Scott Janzen recalled his father's unselfishness and willingness to do for others. Even after retirement, Eldon Janzen would help hopeful college students further their education by establishing a scholarship fund. And he volunteered at Central United Methodist Church in Fayetteville by washing dishes and collecting bread from local bakeries to help feed the homeless.
Eldon Janzen's family was always very important, and they traveled with the band, "making up in part for the time away from family that being a band director requires," said Chalon Ragsdale, a UA percussion professor. "They were the most important people in his life."
"As a musician, Eldon was a meticulous crafter of detail in performance, with the best set of ears I've ever been around," Ragsdale said.
Janzen hired Ragsdale as assistant band director in 1975, and the men worked together from 1975 to 1995, when Janzen retired.

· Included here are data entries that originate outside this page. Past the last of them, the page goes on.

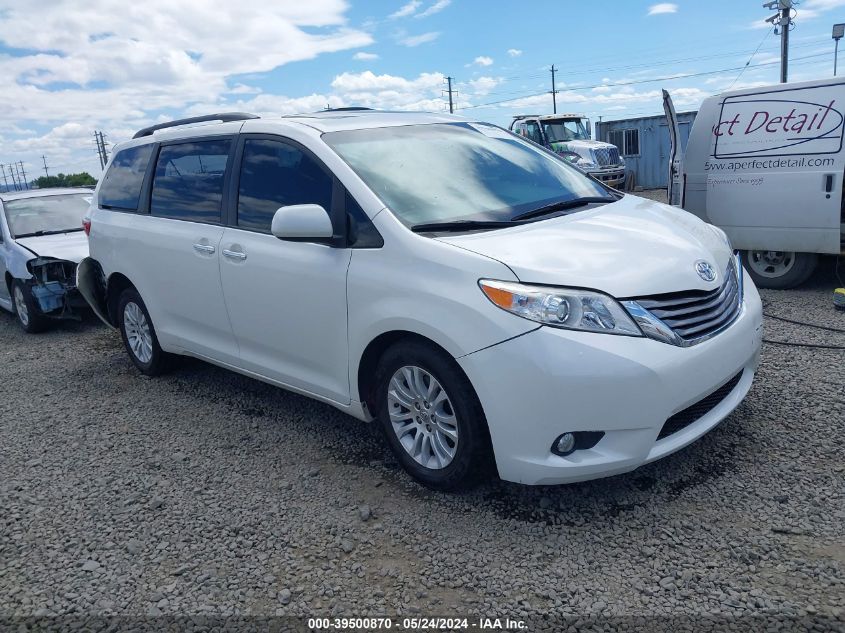 2017 TOYOTA SIENNA XLE 8 PASSENGER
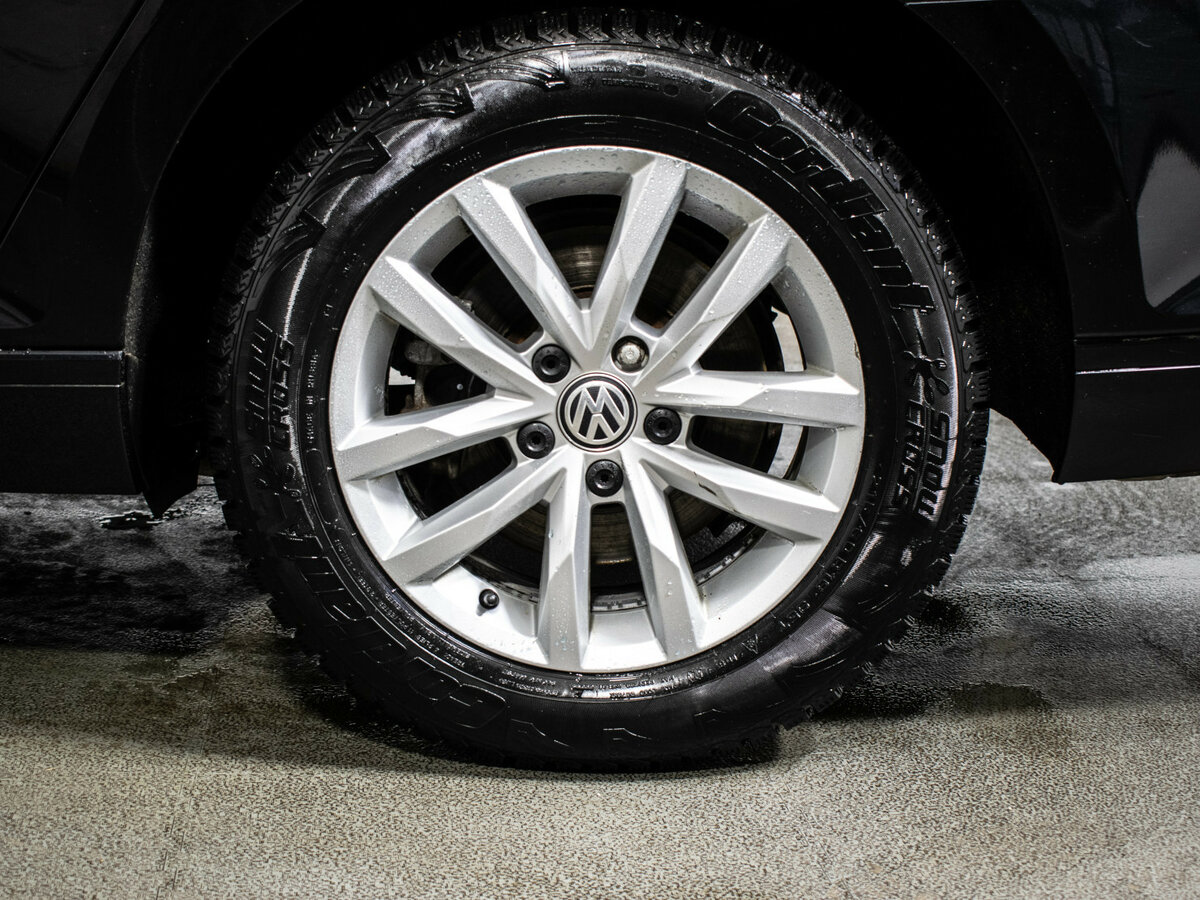 Volkswagen Passat 2017 года с пробегом. Фото: #17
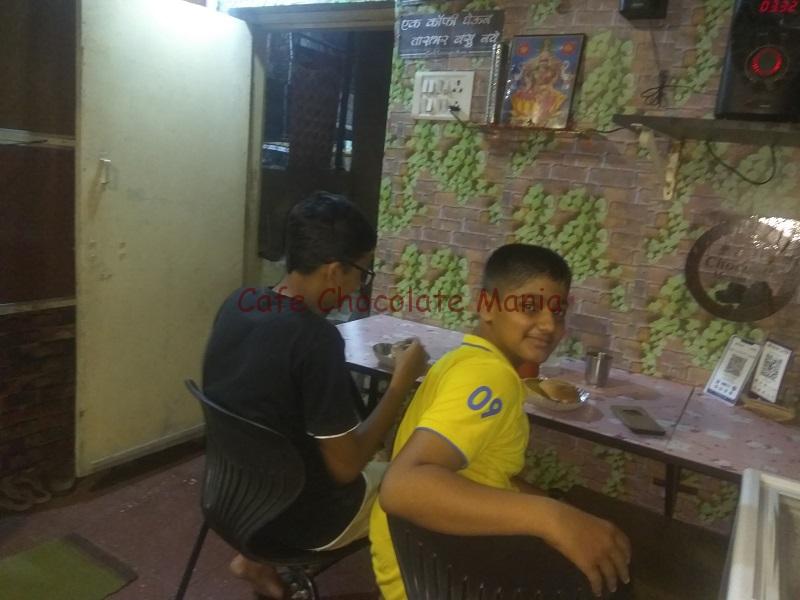 cafe chocolate mania photo gallery kids customer 4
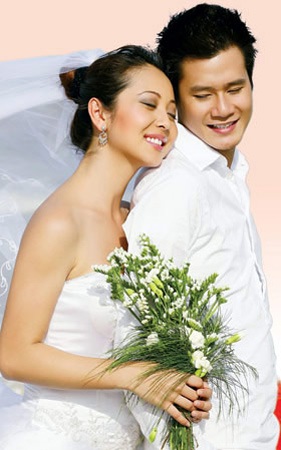 Hoa hậu Jennifer Phạm: “Đôi mắt đã “phản bội” tôi” - 1 Hoa hậu Jennifer Phạm: “Đôi mắt đã “phản bội” tôi” - 1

"His sense of tone quality from the individual instruments, and of balance from the various sections of the band (woodwind, brass, percussion) gave his bands a unique velvety sound that could be intimate or powerful as the music required," Ragsdale said.
As well as directing the bands at the university, Janzen taught courses on conducting, band literature and senior methods -- or "how to be a band director," Ragsdale said. Janzen wrote the text for the class -- "The Band Director's Survival Guide" -- which continues as the best-selling, most-used text and the standard against which other such texts are measured, Ragsdale said.
Janzen's conducting students include Tim Rhea, who now directs the music program at Texas A&M University, including the Fightin' Texas Aggie Band.
The recognitions, honors and awards were many, friends and family shared.
Eldon Janzen received a bachelor's degree in education from Oklahoma Agricultural and Mechanical College and a master's degree from North Texas State University.
Janzen was born into a very musical family, Jana Gorham said. His mother and father sang, and his dad was the choir director at their Mennonite church.
Gorham noted Janzen started in band in the fourth grade on cornet.
"But later switched to trombone -- probably because he had long arms and could reach seventh position," Gorham wrote in a remembrance of her father. In high school, Janzen also sang in the glee club and played right tackle on the undefeated, 1946 Class C Champions, the Medford Cardinals.
"However, when it came time for college, he was ready to hang up his cleats and focus on music," Gorham said. "He turned down the 'full ride' scholarship he was offered to play football, and accepted the $25 scholarship to play in the band."
In 1969, Janzen was director of music activities at Irving (Texas) Public Schools when he got a call from Robert Bright, the then-band director at Arkansas Tech University, about the director's job at the University of Arkansas.
Gorham also remembered the family cheering for the Dallas Cowboys. After retirement, Janzen meticulously restored Ford Mustangs from the mid-1960s.
Janzen also is remembered as a perfectionist. Ragsdale tells about a time the band was rehearsing on marching fields that were lined incorrectly.
"Even if only by inches, the fields would drive him to distraction," Ragsdale said.
When the Razorbacks played in the New Orleans Sugar Bowl at the end of the 1979 season, the first rehearsal field was knee-deep in mud, Ragsdale related.
"So Eldon loaded the band up and took them to a different field," he said. "That one was lined incorrectly, so they loaded up again."
The third field, in a civic park, was the charm.